Paco platziert einen neuen Ball auf dem Abschlagsmal, holt aus – und wieder rollt der Ball nur ein Stück weiter. »Diese Brittany ist wirklich heiß. Plant sie, aufs College zu gehen?«
Ich weiß, was Paco da versucht. Unglücklicherweise ist mein bester Freund so was von durchschaubar. »Ja. In Colorado.« Um in der Nähe ihrer Schwester zu sein, deren Wohl ihr mehr am Herzen liegt als ihr eigenes.

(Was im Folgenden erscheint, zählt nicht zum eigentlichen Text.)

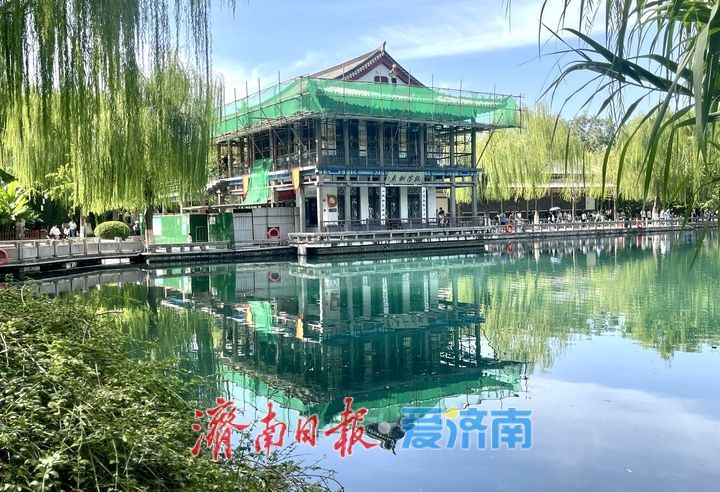 五龙潭名仕阁屋面维修进行时 遵循古建修缮原则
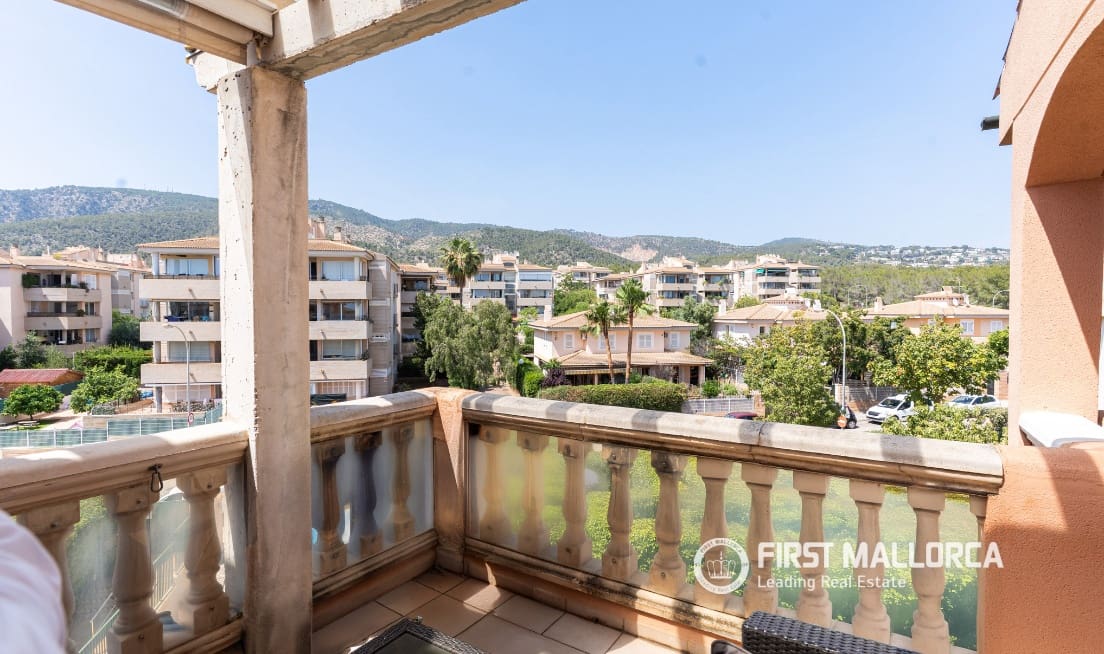 3 bedroom Penthouse for sale in Son Caliu with garage - € 699,000 (Ref: 9833063)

Paco pfeift durch die Zähne. »Ich bin sicher, sie wird eine Menge Typen in Colorado kennenlernen. Du weißt schon, beinharte Kerle mit Cowboyhüten.«
Ich balle unwillkürlich die Fäuste. Ich will nicht darüber nachdenken. Bis wir wieder im Wagen sind, lasse ich Paco links liegen. Dann sage ich zu ihm: »Wann wirst du endlich aufhören, deine Nase in meine Angelegenheiten zu stecken?«
Er gluckst. »Nie.«
»Dann hast du bestimmt auch nichts dagegen, wenn ich mich in deine mische. Was ist zwischen dir und Isa gelaufen, hm?«
»Wir haben rumgeknutscht. Das ist vorbei.«
»Du meinst vielleicht, es sei erledigt, aber ich glaube, sie sieht das anders.«
»Und wenn schon, das ist ihr Problem.« Paco macht das Radio an und dreht die Musik auf.
Paco hat noch nie etwas Ernstes mit einem Mädchen angefangen, weil er Angst davor hat, jemanden an sich heranzulassen. Niemand – auch Isa nicht – ahnt, wie oft und wie heftig Paco zu Hause misshandelt worden ist. Glaubt mir, ich verstehe vollkommen, warum er sich von dem Mädchen fernhält, das ihm etwas bedeutet. Denn die Wahrheit ist, dass man sich mitunter verbrennt, wenn man dem Feuer zu nahe kommt.